Zu der begleitenden Schulfibel fährt die VSAN noch stärkere Geschütze auf. Neben "gravierenden Mängeln in Rechtschreibung und Grammatik" gebe es auch "mehrere inhaltliche Fehler". Das ganze Projekt sei didaktisch, pädagogisch und fachwissenschaftlich rundum "indiskutabel", sagt der Freiburger Volkskundler und Leiter des Instituts für Europäische Ethnologie an der Albert-Ludwigs-Universität, Werner Mezger, laut der Mitteilung des VSAN. Laut einem "neutral" von der Vereinigung herangezogenen Mitglied der baden-württembergischen Schulbuchkonferenz sei das Werk »nicht für Unterrichtszwecke« einsetzbar. Lediglich der Chef des ONB werde als Quelle genannt.
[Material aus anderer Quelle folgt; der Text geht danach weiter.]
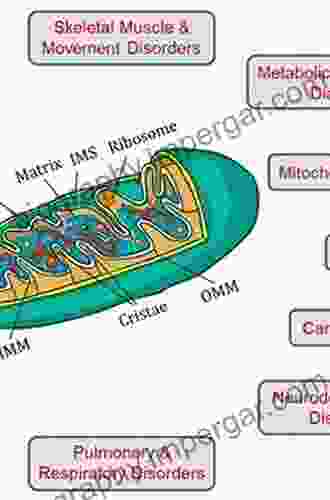 Receptor Tyrosine Kinases: Structure Functions And Role In Human Disease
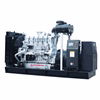 Diesel Generator Sets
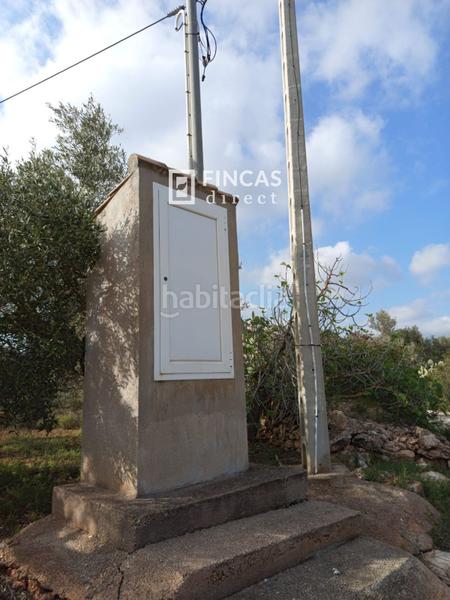 Foto ba6ca99d-504d-4455-aa94-0061c259abd7. Casale con parcheggio in Camarles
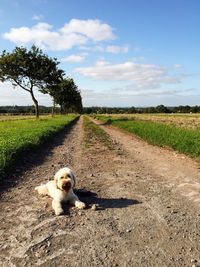 Road passing through field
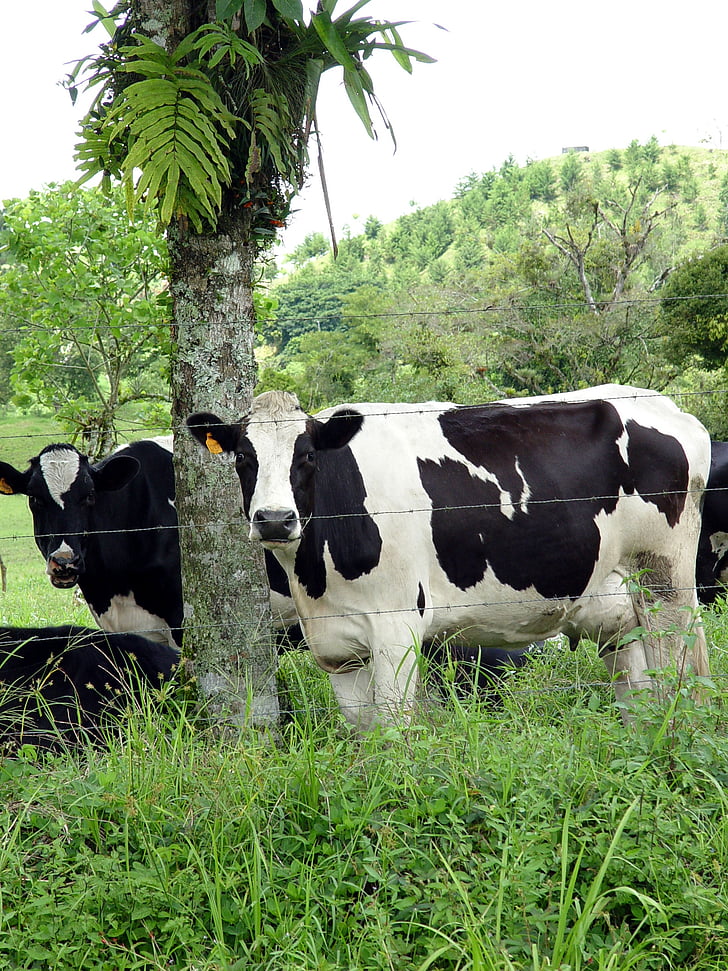 hospodárskych zvierat, mlieko, tieň, krava, farma, poľnohospodárstvo, hovädzí dobytok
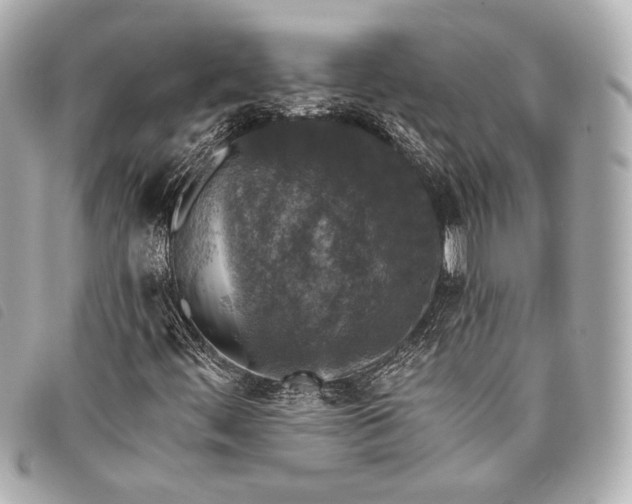 X0000098111444200804181439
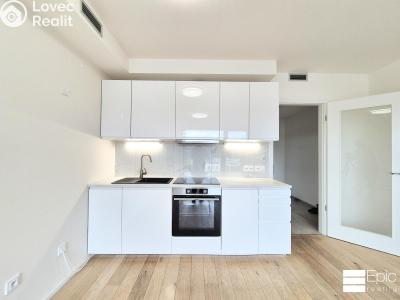 Rent apartment 1+KK Praha 4, Modřany, Mezi vodami č. 3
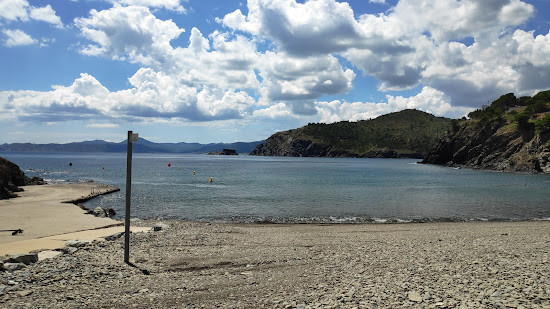 Platja Rovellada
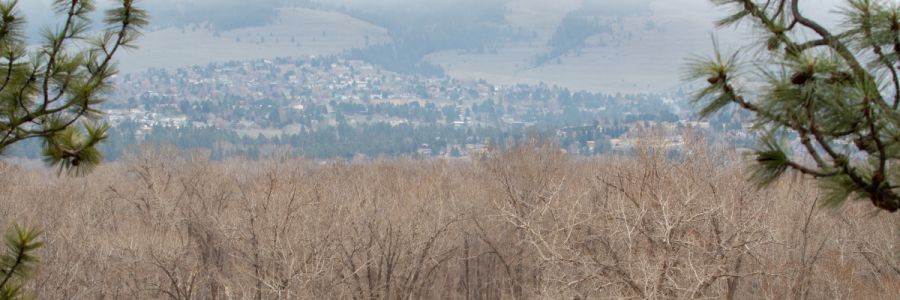 hill covered with house seen through dry, leafless trees in the foreground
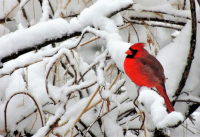 wDSCN8335__Cardinal_Bright2C2C2CRed_on_White_.jpg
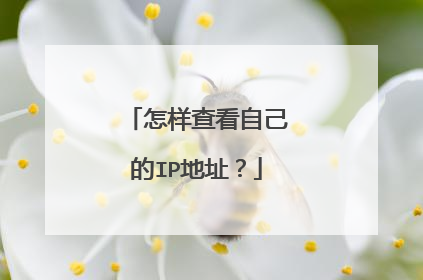 怎样查看自己的IP地址?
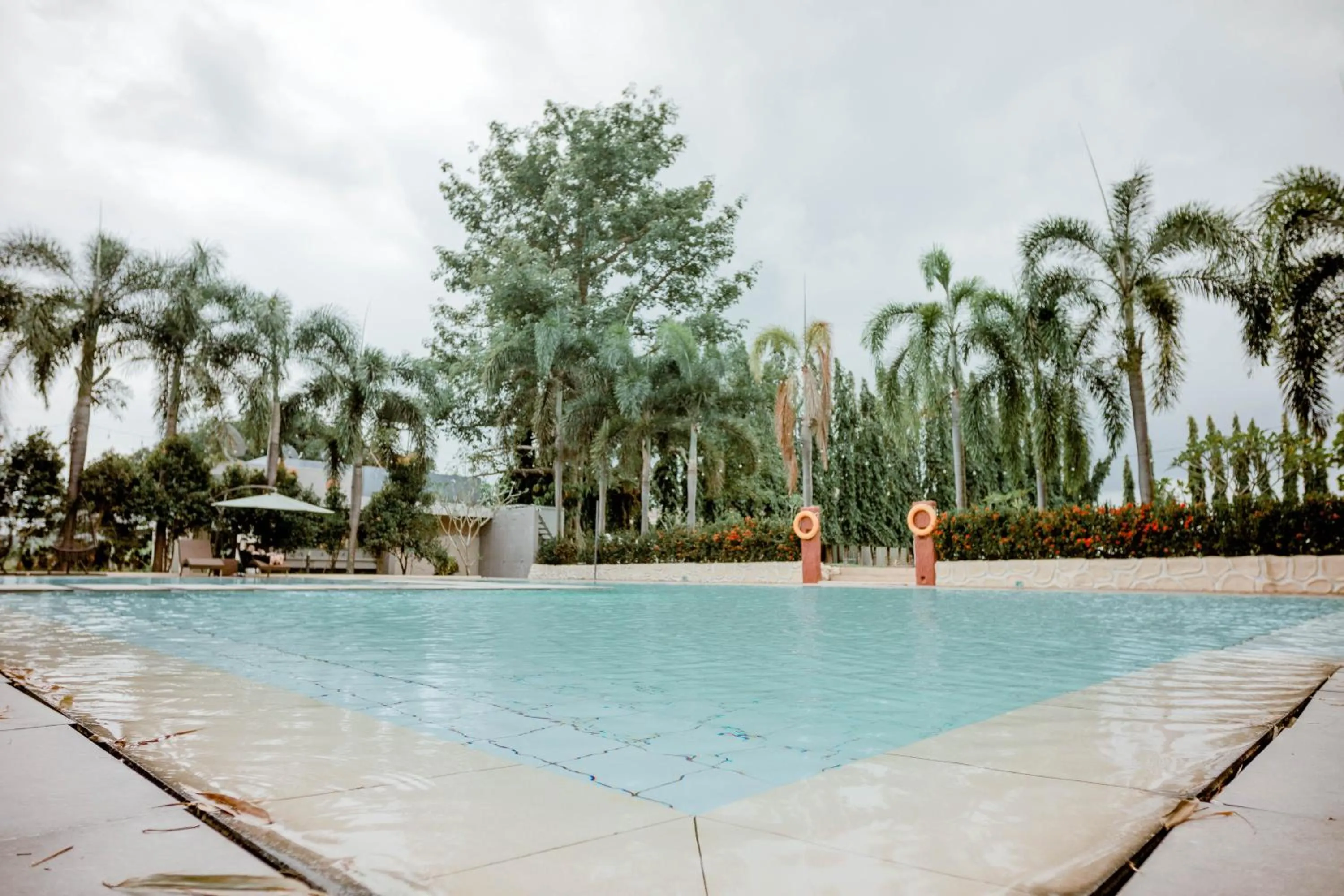 Day in Estancia De Lorenzo Tarlac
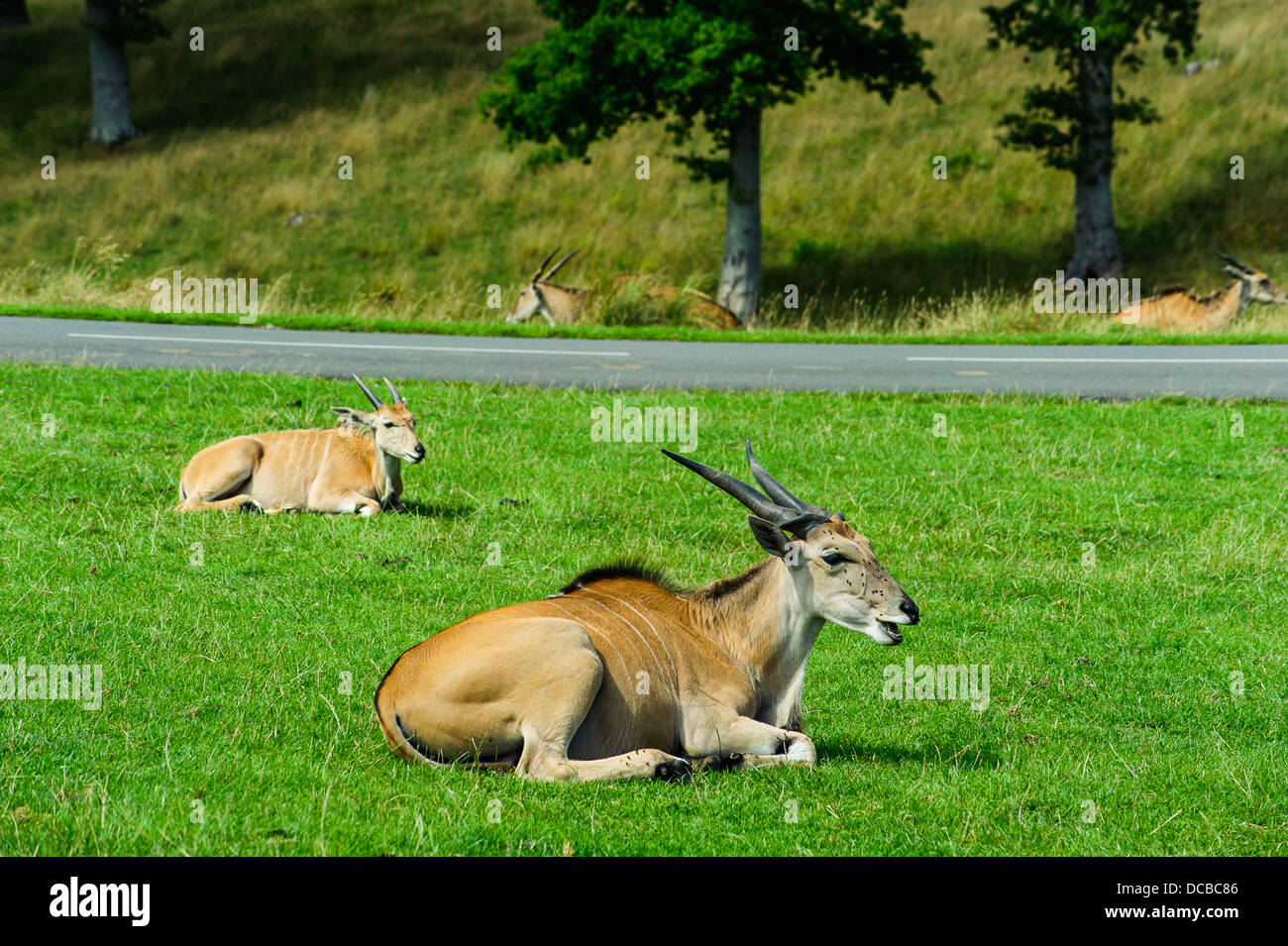 Il comune eland, noto anche come il southern eland Foto Stock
Weiterer Punkt der Kritik sei das Lehrerbegleitheft, in dem ebenfalls Inhalte des VSAN, des kulturellen Beirats, Werner Mezger und anderer Quellen ohne Nennung und ohne Druckgenehmigung einfach übernommen wurden. "Im redaktionellen Teil, das die erste Hälfte der Lehrerinformation einnimmt, wurde ebenfalls fremdes geistiges Eigentum mit Füßen getreten", sagt Roland Wehrle laut der Pressemitteilung des VSAN. Auch auf ein Veröffentlichungsverbot habe der ONB nicht angemessen reagiert, wirft der VSAN dem Narrenbund vor. Der ONB habe ausweichend argumentiert, Fehler zwar zugegeben, aber weder die erforderlichen Genehmigungen eingeholt noch sich dafür entschuldigt.